2. a kind of webpage context extraction method based on example page according to claim 1, is characterized in that, specifies any one example page to carry out text extraction to the to be extracted page similar to example page.

3. a kind of webpage context extraction method based on example page according to claim 1, it is characterized in that, the page to be extracted and example page are carried out to the accuracy and efficiency that preliminary filtration treatment is extracted to improve follow-up text, preliminary method of filtering is to utilize the innerHTML attribute that meets W3C standard to obtain the content page text that comprises html tag, with regular expression, remove html tag again, two texts after being filtered are respectively Similar Text.

4. according to a kind of webpage context extraction method based on example page described in claim 1 or 3, it is characterized in that, beginning and end boundary to Similar Text applicating text similarity analysis technology identification Web page text, the calculating of text similarity is based on scale model, need to calculate two similarity sequential values, step is as follows:

(1) head of alignment Similar Text character string,

(3) calculate s1, the similar value of s2,

Similarly,

(1) afterbody of alignment Similar Text,

(3) calculate s1, the similar value of s2,

(5) forward step (2) to and repeat said process, until top is denoted as BS by the similar sequences obtaining like this.

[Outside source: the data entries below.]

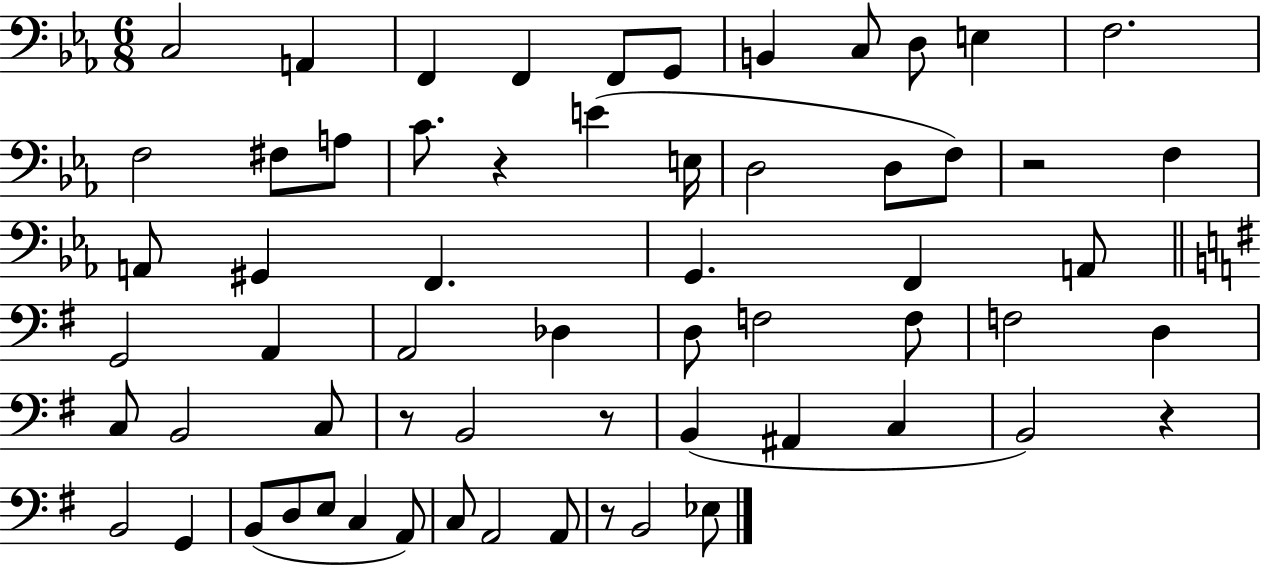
{
  \clef bass
  \numericTimeSignature
  \time 6/8
  \key ees \major
  c2 a,4 | f,4 f,4 f,8 g,8 | b,4 c8 d8 e4 | f2. | \break f2 fis8 a8 | c'8. r4 e'4( e16 | d2 d8 f8) | r2 f4 | \break a,8 gis,4 f,4. | g,4. f,4 a,8 | \bar "||" \break \key g \major g,2 a,4 | a,2 des4 | d8 f2 f8 | f2 d4 | \break c8 b,2 c8 | r8 b,2 r8 | b,4( ais,4 c4 | b,2) r4 | \break b,2 g,4 | b,8( d8 e8 c4 a,8) | c8 a,2 a,8 | r8 b,2 ees8 | \break \bar "|."
} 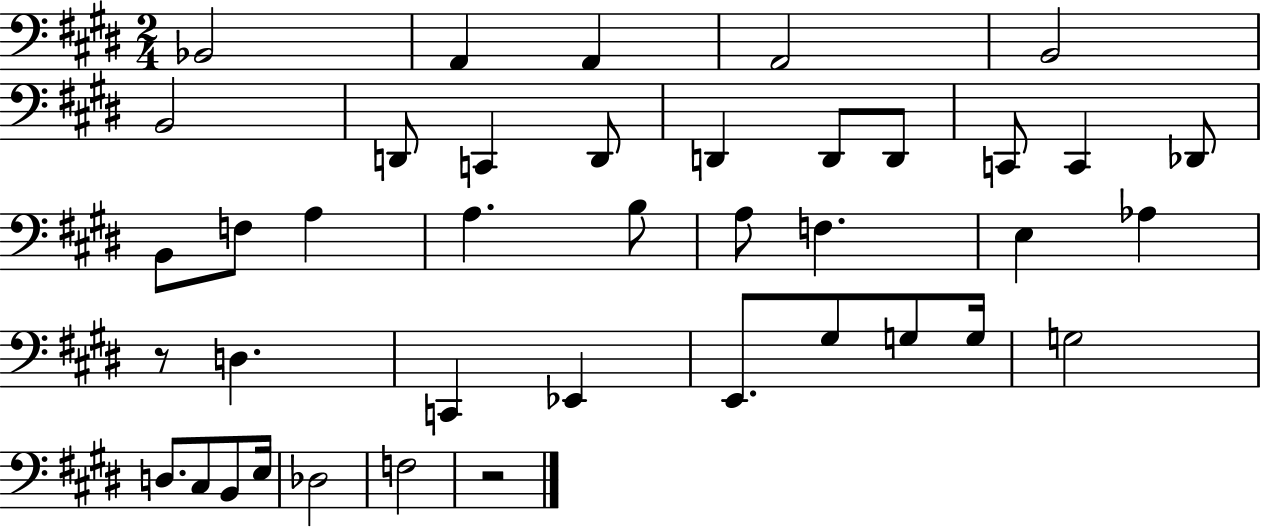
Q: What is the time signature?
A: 2/4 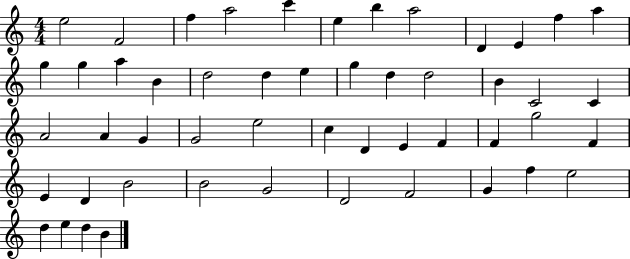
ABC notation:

X:1
T:Untitled
M:4/4
L:1/4
K:C
e2 F2 f a2 c' e b a2 D E f a g g a B d2 d e g d d2 B C2 C A2 A G G2 e2 c D E F F g2 F E D B2 B2 G2 D2 F2 G f e2 d e d B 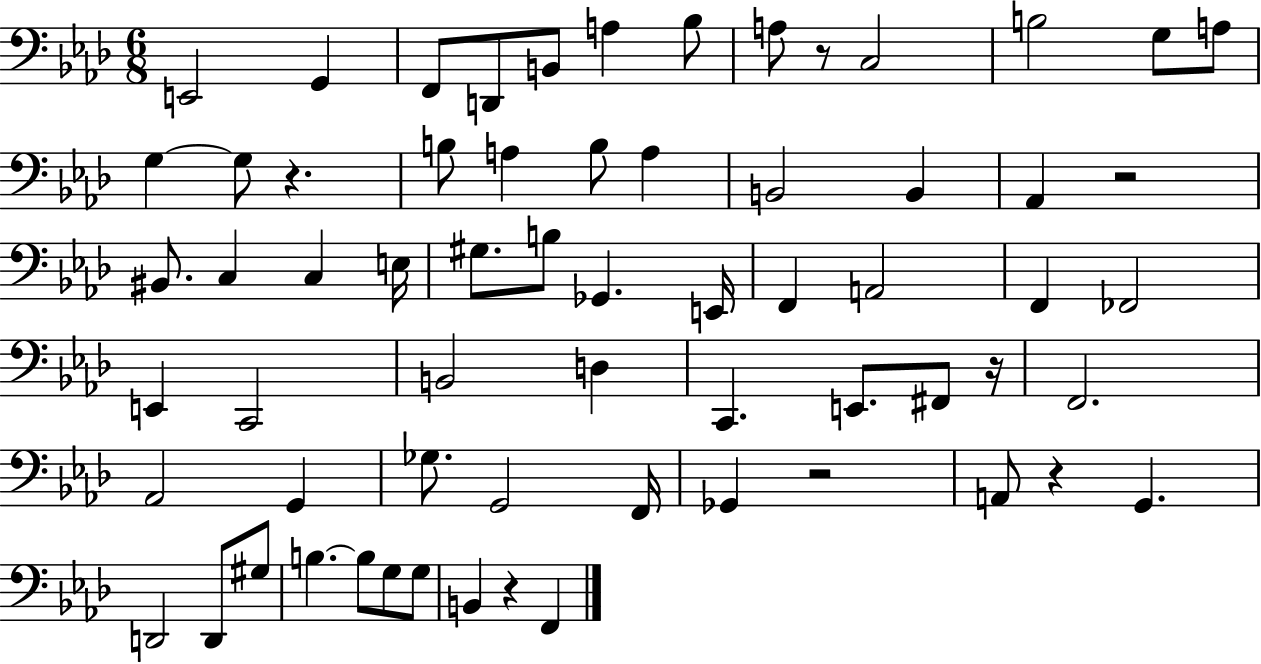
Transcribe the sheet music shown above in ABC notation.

X:1
T:Untitled
M:6/8
L:1/4
K:Ab
E,,2 G,, F,,/2 D,,/2 B,,/2 A, _B,/2 A,/2 z/2 C,2 B,2 G,/2 A,/2 G, G,/2 z B,/2 A, B,/2 A, B,,2 B,, _A,, z2 ^B,,/2 C, C, E,/4 ^G,/2 B,/2 _G,, E,,/4 F,, A,,2 F,, _F,,2 E,, C,,2 B,,2 D, C,, E,,/2 ^F,,/2 z/4 F,,2 _A,,2 G,, _G,/2 G,,2 F,,/4 _G,, z2 A,,/2 z G,, D,,2 D,,/2 ^G,/2 B, B,/2 G,/2 G,/2 B,, z F,, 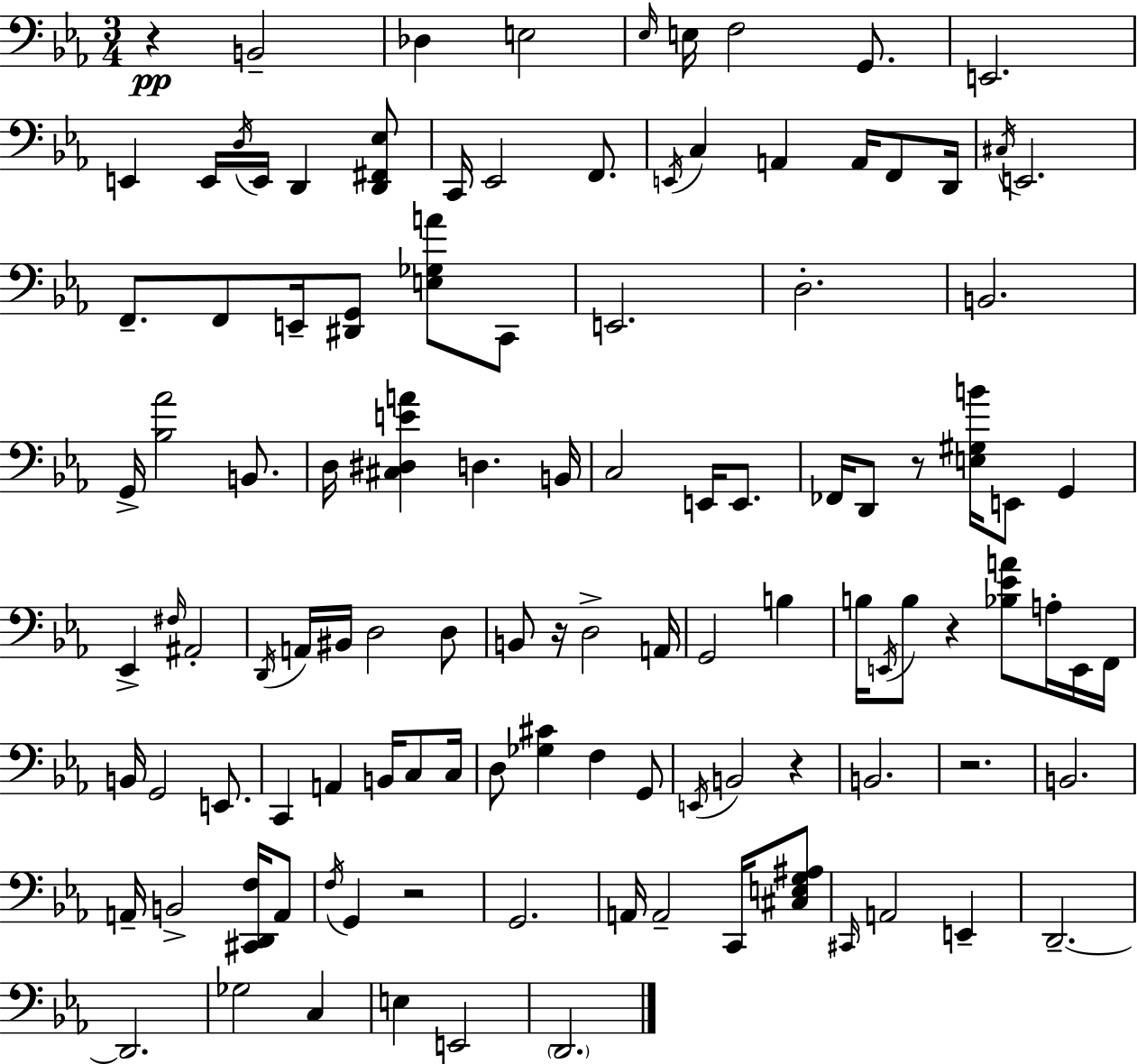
{
  \clef bass
  \numericTimeSignature
  \time 3/4
  \key c \minor
  r4\pp b,2-- | des4 e2 | \grace { ees16 } e16 f2 g,8. | e,2. | \break e,4 e,16 \acciaccatura { d16 } e,16 d,4 | <d, fis, ees>8 c,16 ees,2 f,8. | \acciaccatura { e,16 } c4 a,4 a,16 | f,8 d,16 \acciaccatura { cis16 } e,2. | \break f,8.-- f,8 e,16-- <dis, g,>8 | <e ges a'>8 c,8 e,2. | d2.-. | b,2. | \break g,16-> <bes aes'>2 | b,8. d16 <cis dis e' a'>4 d4. | b,16 c2 | e,16 e,8. fes,16 d,8 r8 <e gis b'>16 e,8 | \break g,4 ees,4-> \grace { fis16 } ais,2-. | \acciaccatura { d,16 } a,16 bis,16 d2 | d8 b,8 r16 d2-> | a,16 g,2 | \break b4 b16 \acciaccatura { e,16 } b8 r4 | <bes ees' a'>8 a16-. e,16 f,16 b,16 g,2 | e,8. c,4 a,4 | b,16 c8 c16 d8 <ges cis'>4 | \break f4 g,8 \acciaccatura { e,16 } b,2 | r4 b,2. | r2. | b,2. | \break a,16-- b,2-> | <cis, d, f>16 a,8 \acciaccatura { f16 } g,4 | r2 g,2. | a,16 a,2-- | \break c,16 <cis e g ais>8 \grace { cis,16 } a,2 | e,4-- d,2.--~~ | d,2. | ges2 | \break c4 e4 | e,2 \parenthesize d,2. | \bar "|."
}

5. a kind of webpage context extraction method based on example page of stating according to claim 4, it is characterized in that, obtain two similar sequences, identify accordingly the border of text, analyze two sequences, when starting and finishing, similarity value is higher, middle similarity value diminishes rapidly, the border that occurs the corresponding text of turning point of turnover, what wherein the turning point of sequence FS was corresponding is the head of text, the afterbody of the corresponding text of turning point of sequence B S; According to the mode of sequential value is counter, push away, can obtain the head and the tail boundary position of text in Similar Text, thereby can extract text, noise text message is filtered out.